Yemekhanede armut çıkar. Arkadaşım kolumu dürtüp, benim armudu sen seçsene, sen iyisini seçersin diye espri yapar. Hep dalga konusu olmuş Armut. Armut gibi kafası var, kaba yeri armut gibi, benzetmeler bile kötü bir şekli varmış gibi yapılmış. Ne günahı varsa armudun.
Armudun bir güzelliği de mideyi de rahatsız etmez, özellikle kabuğunu soyup yerseniz. Elmayla eküri gibidir ama çok daha az asidiktir elmadan.
Aslında şahane bir meyve. Hele bir de Santa Maria Armut ’una limon sıkıp yemeyi denediniz mi? Santa Maria Armut’u da demişken iyi insanın naifliği ile ilgili küçük bir anıyı da eklemek istedim. Eski bir yazlık siteye yeni taşınmıştık. Sitedekiler genellikle çok eski komşu ve dostlar birbirleri ile. Çok da iyi insanlar. Biz de yeni taşındık, herkes misafirperverlik gösteriyor. Bir gün bahçede karşılaştığım bir komşu abimiz, bana dedi ki
Sen armut sevmez misin?
Severim Abi dedim.
O zaman neden gelip benim bahçemdeki ağaçtan toplamıyorsun?
İçimden dedim ikramın, inceliğin naifliğin bu kadarı…

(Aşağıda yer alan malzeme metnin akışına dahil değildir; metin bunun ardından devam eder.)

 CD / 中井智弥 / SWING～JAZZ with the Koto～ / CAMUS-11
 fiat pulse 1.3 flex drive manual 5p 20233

Tesadüf Abimizin adı da Osman Tanta idi. Ertesi yaz daha samimi olunca cesaret bulup,
Osman Abi senin bahçedeki armutlar çok lezzetli, ben bu armutlara isim koydum dedim.
Gülümsedi. Neymiş dedi?
Tanta Maria Armut’u dedim.
Daha sonra Osman Abimizin Tanta Maria Armut’undan dal alıp, bizim ayva ağacına aşıladık. Henüz meyve vermedi ama bekliyoruz. Bu arada aynı familyadan olursa bir ağaca bir sürü farklı meyve aşılanabilirmiş. Bu rekor sanırım ülkemizde 10 değişik meyve, dünyada 40. Bu ek bilgiyi de verdikten sonra armudu sevelim, sevdirelim. Hak ettiği itibarı gösterelim. Kalın sağlıcakla.